He was captivated by the writings of Marx: he recalls a “gooseflesh moment” when he first read The Communist Manifesto. He was drawn to Marx’s intellectual framing of problems rather than liberal romanticism. He describes also how Vietnam inspired him as a “powerful symbol of resistance”, this “completely unequal struggle of the Vietnamese people against the biggest military power in the world…”.  He underlines that when Marx spoke of the role of force in history, he did not necessarily endorse violence, but instead the coercive power of oppressed classes.

He describes in his memoir his early resolve, as an engineering student, to support and eventually join the Communist Party (Marxist), the CPI(M), and his steady commitment to the party throughout his adult life. The moment of choice came when he heard Hare Krishna Konar of the Kisan Sabha speak. The Sabha was organising land struggles including to forcefully occupy surplus lands. He explains also why he rejects other dominant streams of the Left – the Maoists and Naxalites, the Trotskyites and the CPI (which incidentally supported the Emergency and believed that the Congress would lead the country to an Indian variant of socialism).

After graduating, as he lived in Kanpur with his parents for some months, he drew close to local party and trade union leaders. It is in his Kanpur days that he also learned to accept comrades whose political views he might disagree with. While some in the Left are quite sectarian, while Prabir holds strong political views, he is always open to working with, respecting and trusting people whose commitment to progressive values he recognises, even though he might disagree with their political alignments. The yardstick he would apply lifelong in choosing his comrades is this: What side of the larger class struggle is the person on?

He joined an engineering college in Allahabad for his Master’s degree. Student politics in Uttar Pradesh he found to be very different from Bengal and Calcutta. These were marked by muscle power and caste in ways that he had not encountered earlier. The party in Kanpur was very weak. Prabir would try to engage students with discourses in understanding the violence that our society inflicts on the poor which people of relative privilege do not register. 

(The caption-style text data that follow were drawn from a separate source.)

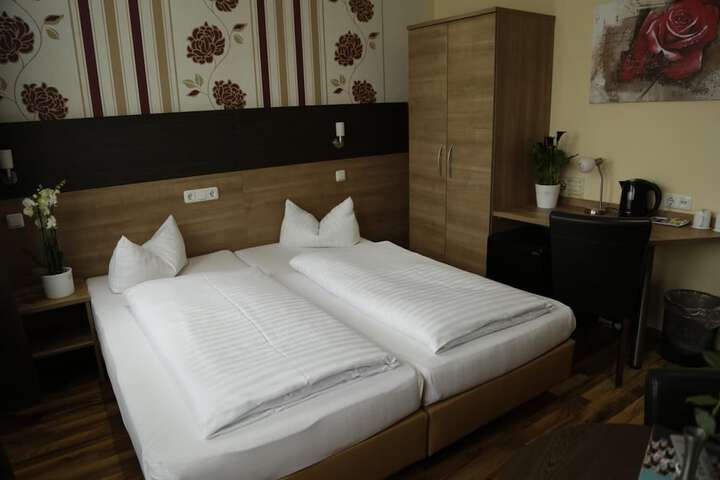 Room 15 of 30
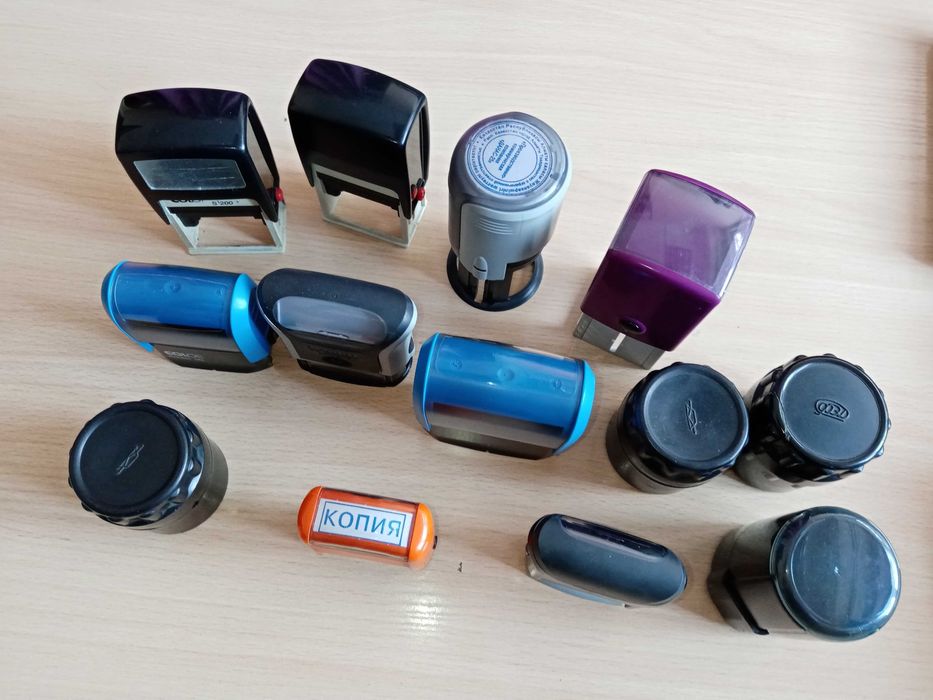 Разные  корпуса  для  штампов  и  печатей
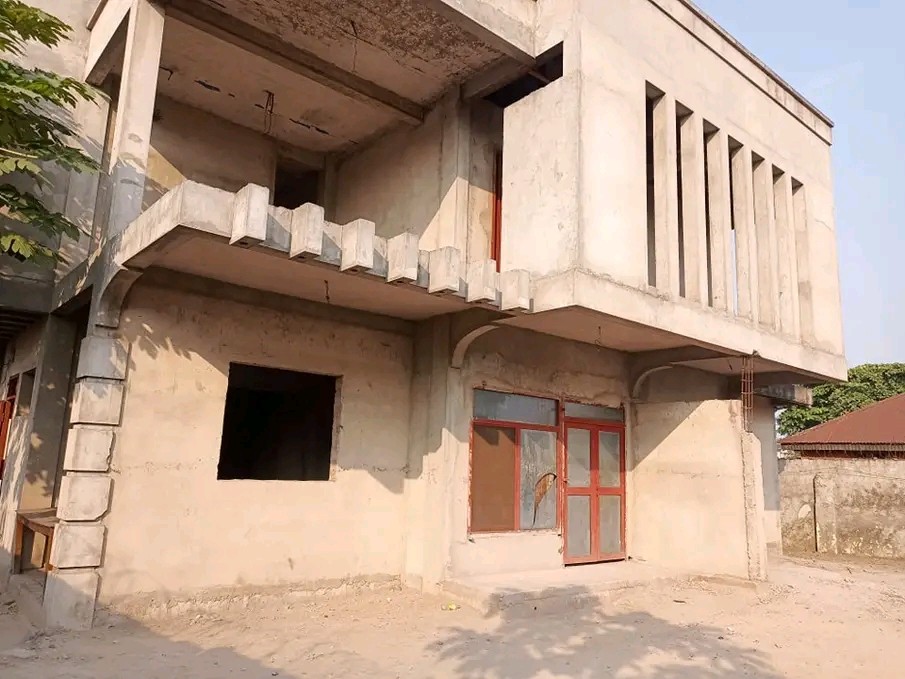Parcelle-Terrain à Vendre – Kasa-Vubu, Kinshasa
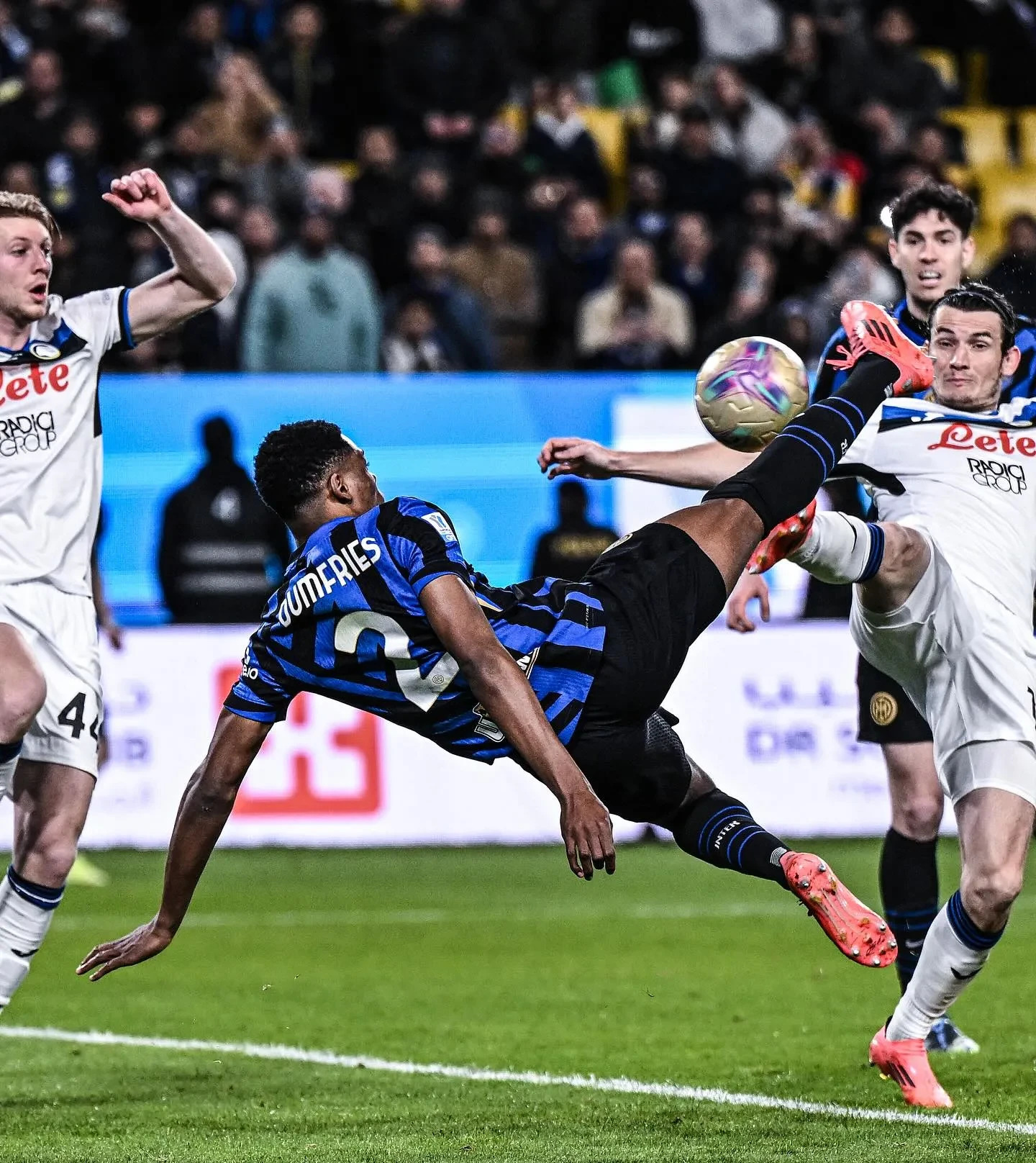 意大利大胜英格兰,欧国联小组赛完美开局 意大利大胜英格兰,欧国联小组赛完美开局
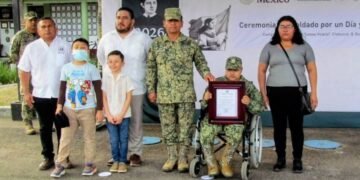 EN CHETUMAL: Nombran a niño de 12 años “Soldado por un Día”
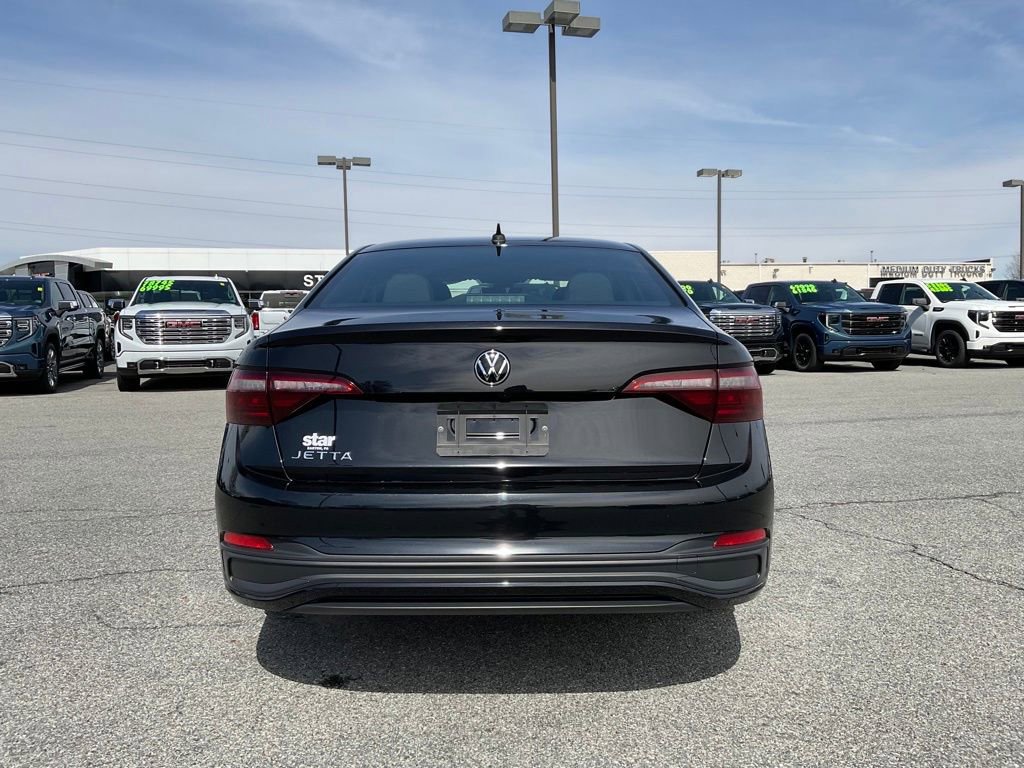 Used 2022 Volkswagen Jetta Sport image 8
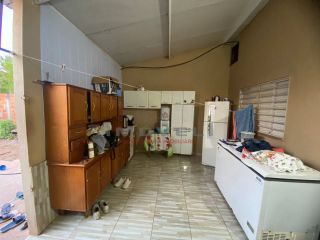 Ótima casa com 2 quartos.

It was his research quests that transported him to Delhi, a relocation that was destined to be the most decisive turning point in his adult life. He initially reached out to work with leading scientists at the Indian Institute of Technology, Delhi. But all his leisure time, he spent in the canteens and lawns of Jawaharlal Nehru University. He loved JNU, its friendly welcoming climate, the diversity of class and region of the student population, the ease with which men and women students related with each other, the comfortable relationship of the faculty and students very different from the rigid hierarchies of Uttar Pradesh, and the rich debates between various streams of Left politics. His descriptions of his years in JNU rouse an immense wistfulness for a space that was egalitarian, intellectually robust, politically vibrant and encouraging of critical thinking and debate, especially because under the current regime, all of this has been systematically decimated.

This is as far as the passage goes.